Rose Bowl, L 7–20 vs. Ohio State
- Conference: Pacific Coast Conference

Ranking
- Coaches: No. 11
- AP: No. 17
- Record: 8–4 (6–1 PCC)
- Head coach: Jess Hill (4th season);
- Home stadium: Los Angeles Memorial Coliseum

= 1954 USC Trojans football team =

American college football season

The 1954 USC Trojans football team represented the University of Southern California (USC) in the Pacific Coast Conference (PCC) during the 1954 college football season. In their fourth year under head coach Jess Hill, the Trojans compiled an 8–4 record (6–1 in PCC, second), lost to Ohio State in the Rose Bowl, and outscored their opponents 258 to 159.

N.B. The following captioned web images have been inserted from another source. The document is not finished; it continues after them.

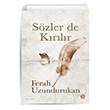 Szler de Krlr Sahi Kitap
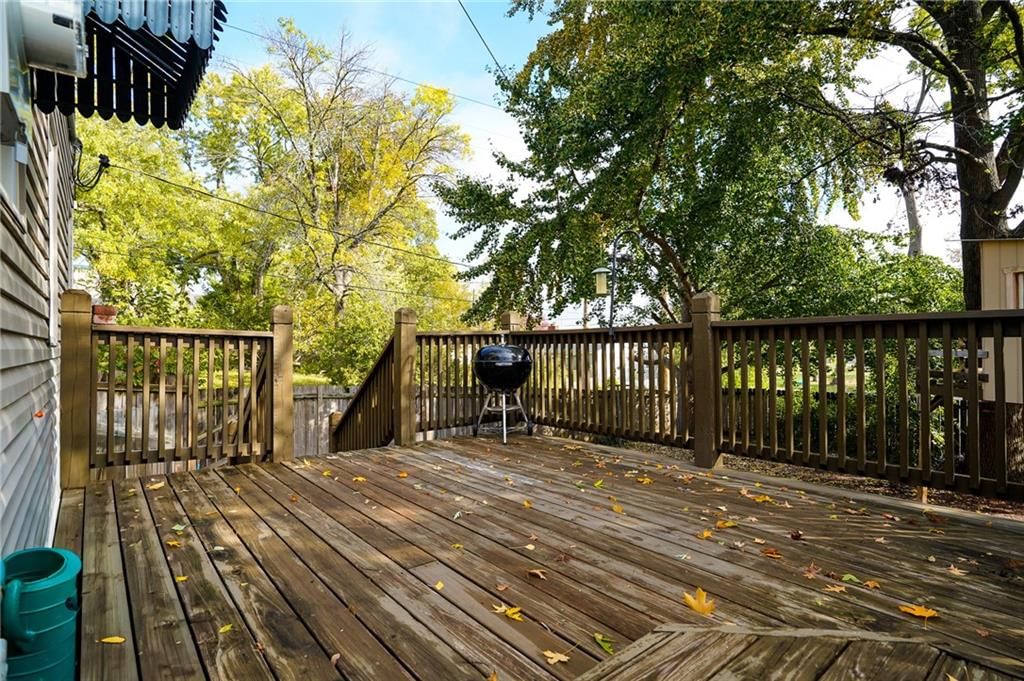 6501 Charlotte Street — photo 26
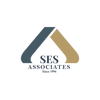 SES Associates (Pvt) Ltd Logo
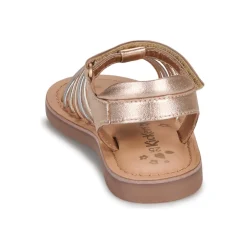 Kickers - KICK PRELLA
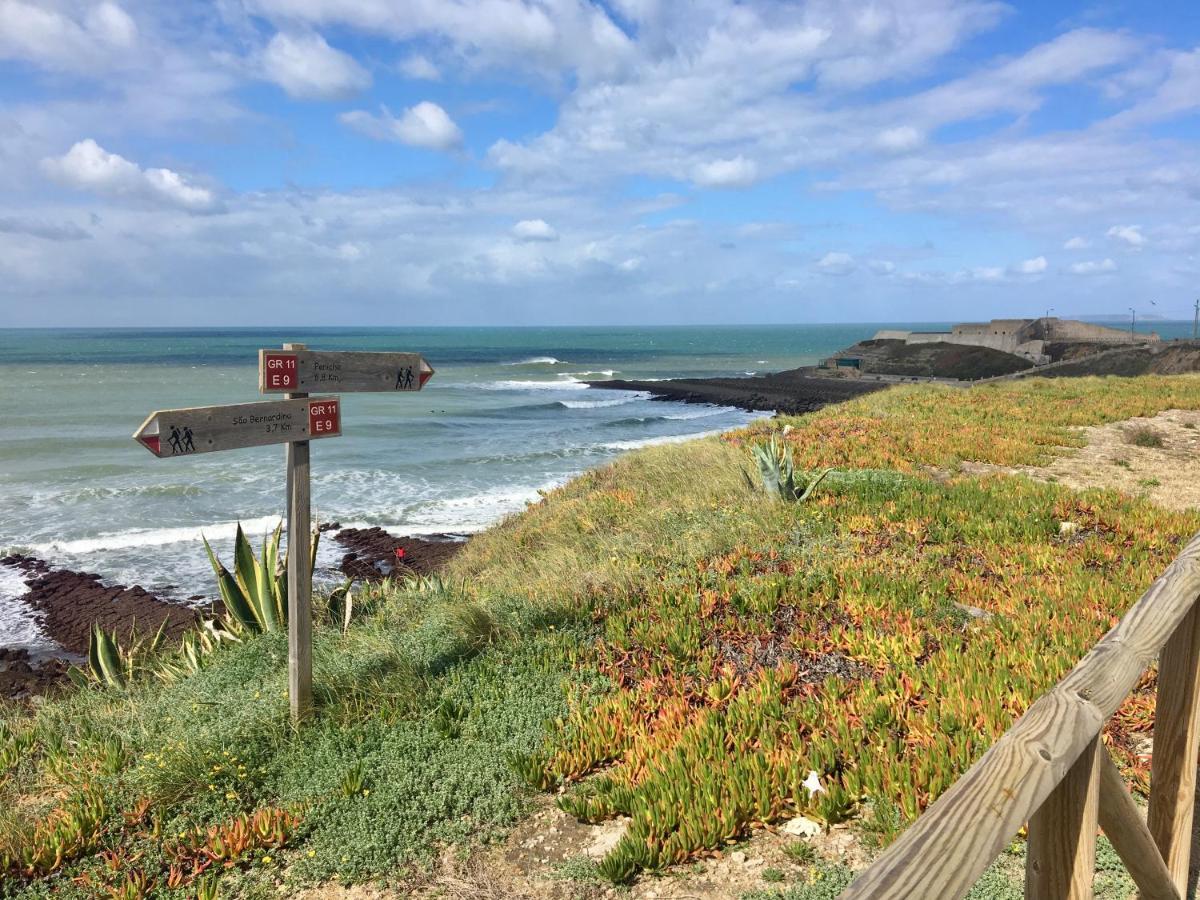 Enjoy View - Ocean, Surf, Beach, Eat & Work *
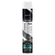 861731---Desodorante-Antitranspirante-Aerossol-Above-Men-Invisible-Extreme-Maxx-250ml_0002_7899674040701_99_3_1200_72_SR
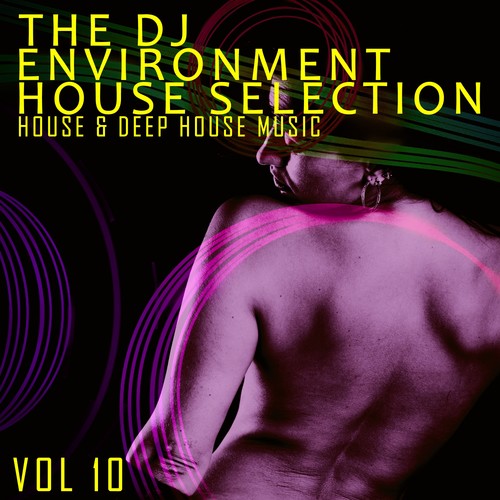 The DJ Environment: House Selection, Vol. 10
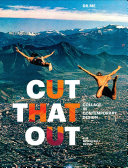 Cut that out : collage in contemporary design /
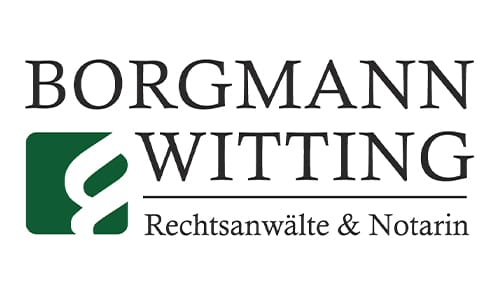 Stressmanagement - Zufriedene Kunden - Borgmann Witting Rechtsanwälte & Notarin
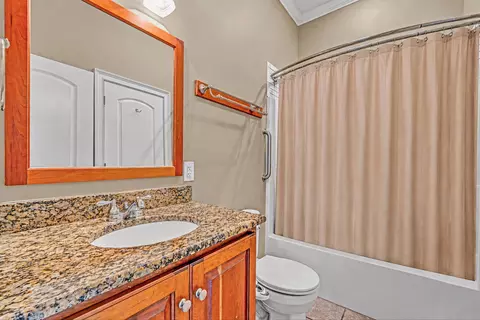Bath - 255 Plantation Dr, Penhook, VA 24137 photo 1 of 4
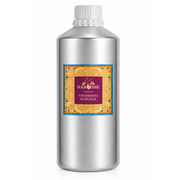 VinoRosso di Sicilia Home Fragrance Refill 2500ml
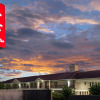 Отель Red Roof Inn Conroe North - Willis, фото 26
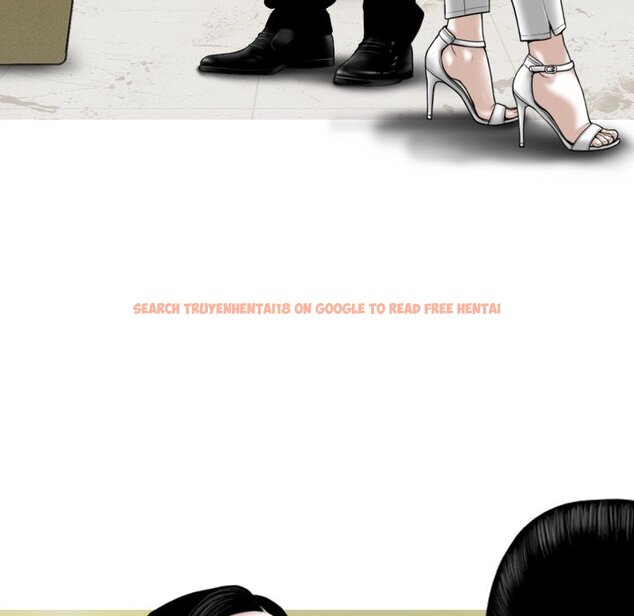 Read Hentai Image 137 116 in comic Magnetic Pull - Chapter 30 - hentaitnt.net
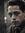Noah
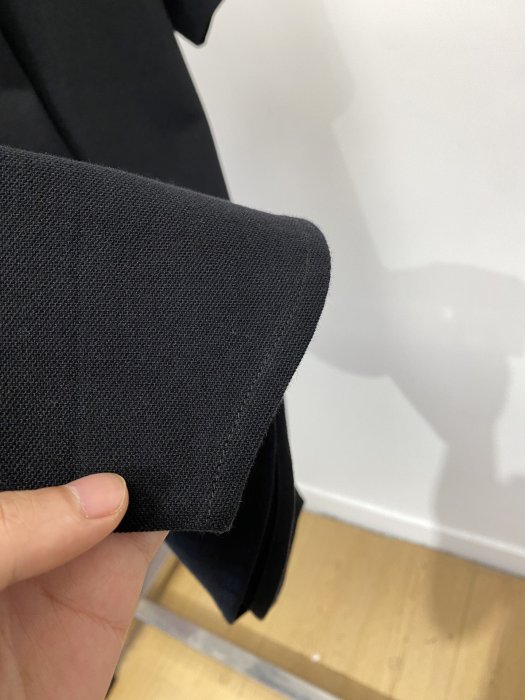 Футболка мужская фото 7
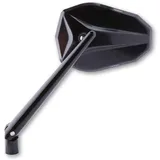 Shin Yo HIGHSIDER Spiegel VICTORY links/rechts schwarz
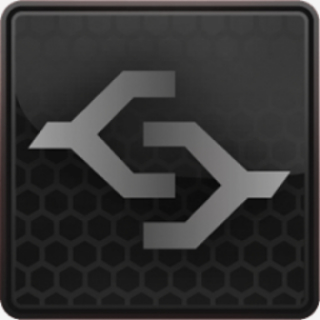 http://static.cdn.ea.com/battlelog/prod/emblems/320/807/bf3/2832655241470202807.jpeg?v=1349109746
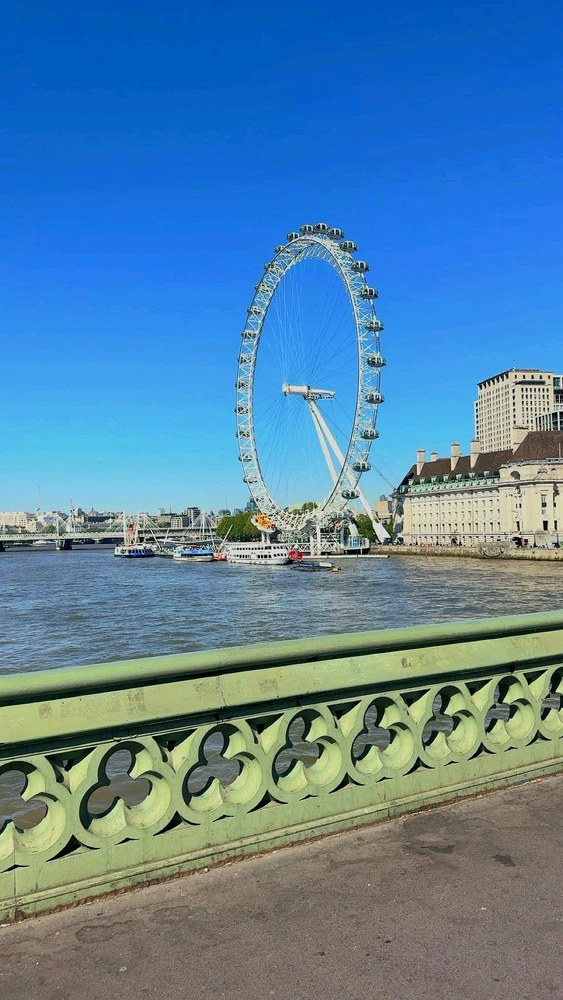 Image uploaded by Ash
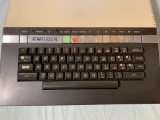 Atari 1200 XL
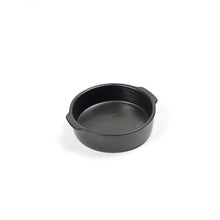Load image into Gallery viewer, OVEN / SERVING DISH PURE
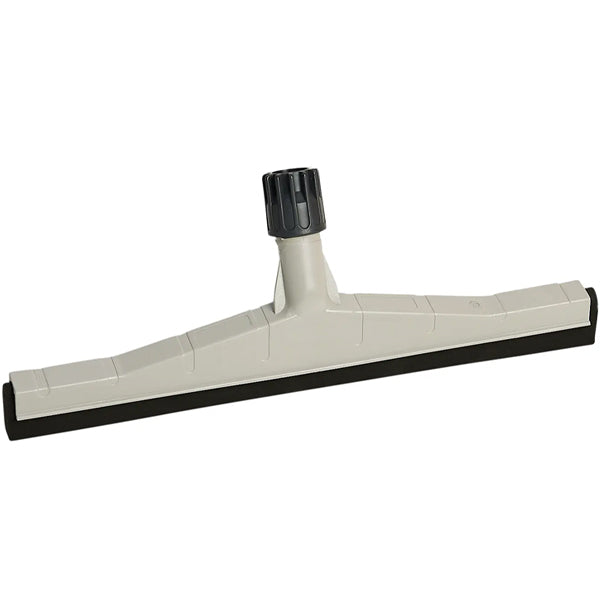 M2 Professional Cleaning - Plastic Moss Floor Squeegee 45CM 10x1 Un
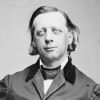 Henry Ward Beecher Quotes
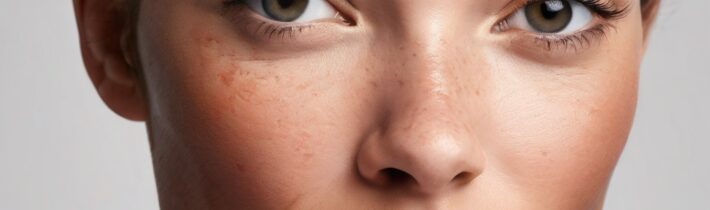 Dermablend Cover Cream: Flawless Coverage for All Skin Types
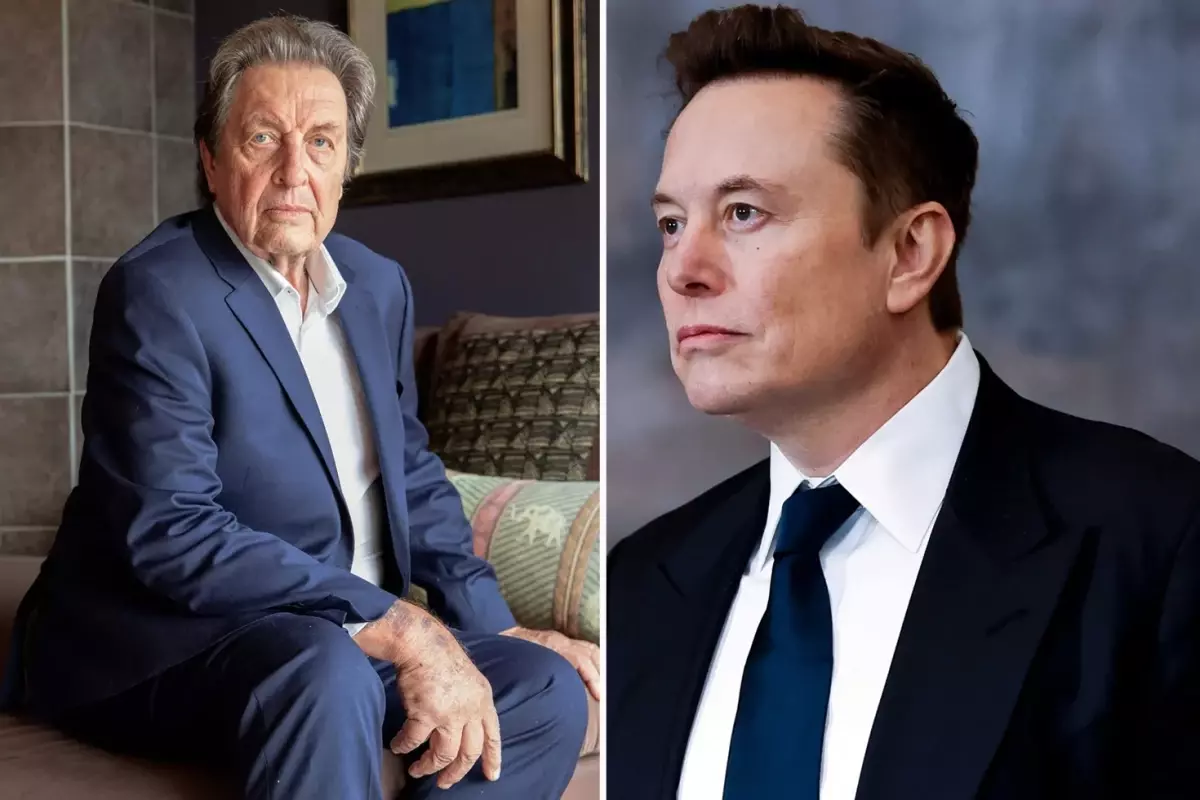 elon muskin babasi errol musk hakkinda istismar suclamasi PVgKgVaK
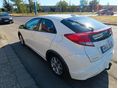 HONDA CIVIC 2013/12 - 4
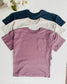 George pack of 3 Shirts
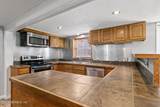 1318 6TH Street - Photo 12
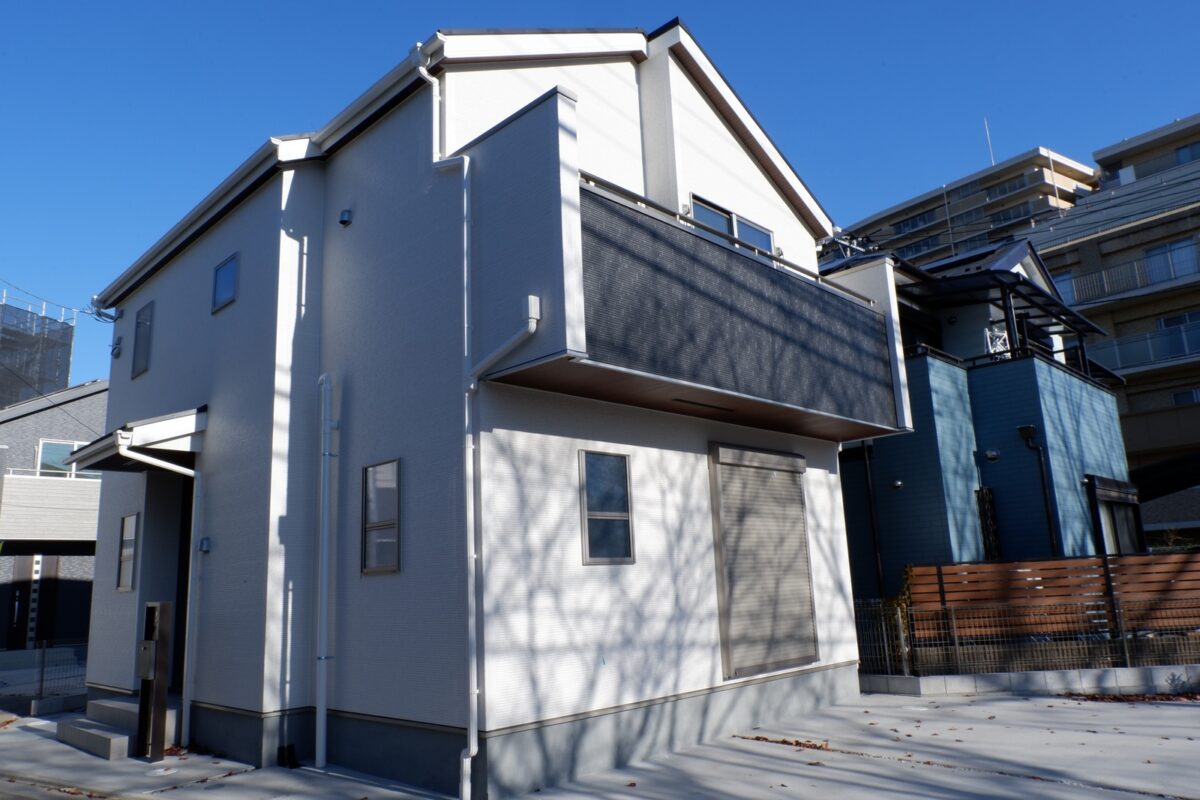 不動産売却価格を設定する際の注意点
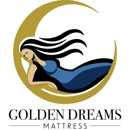 Golden Dreams Mattress - Mattresses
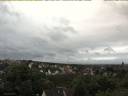 Vorschaubild von 11.05.2026 19:00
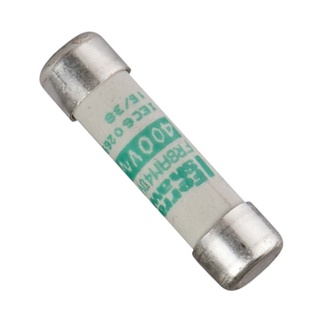 Cầu chì schneider DF2CA01 DF2CA04 DF2CA08 DF2CA10 DF2CA16 DF2CA25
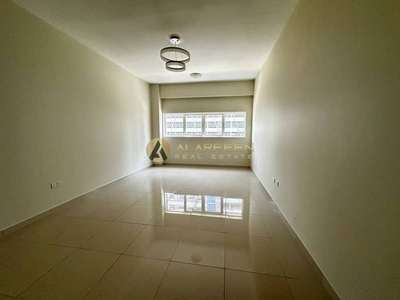 realestate photo 2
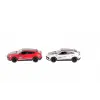 KT5447DF ÇEKBIRAK LAMBORGHINI URUS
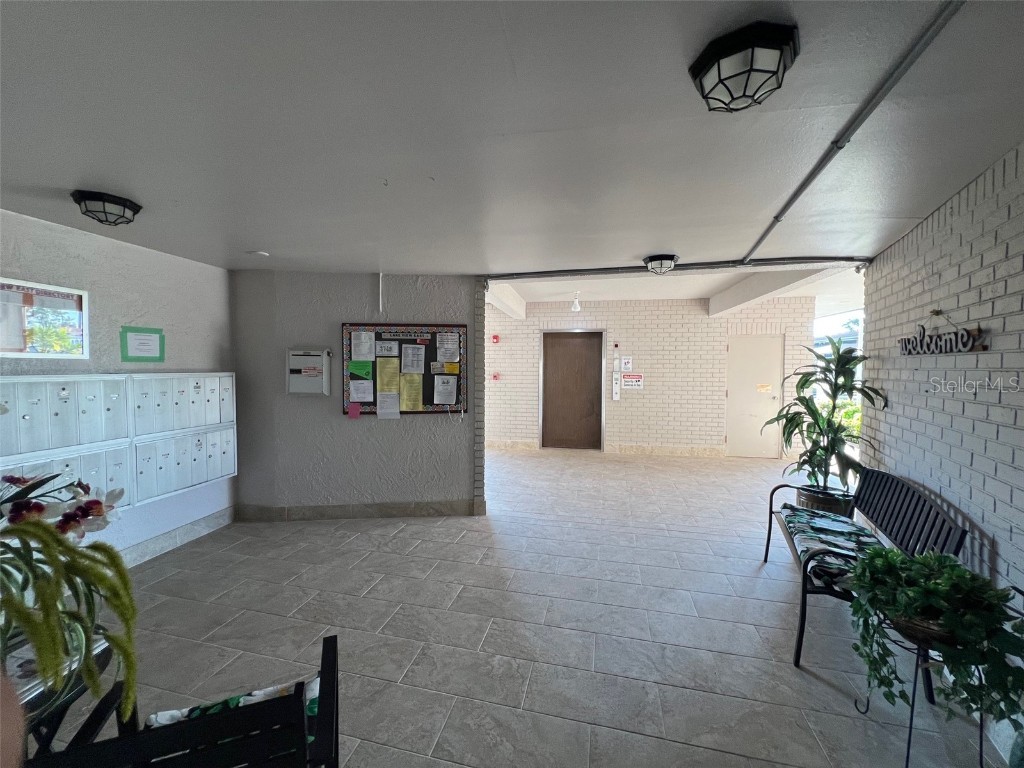 7941 58th Avenue N #106 Saint Petersburg FL 33709 TB8432970 image28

Jim Contratto led USC in passing with 32 of 79 passes completed for 702 yards, five touchdowns and five interceptions. Jon Arnett led the team in rushing with 96 carries for 601 yards and seven touchdowns. Lindon Crow was the leading receiver with seven catches for 274 yards and three touchdowns.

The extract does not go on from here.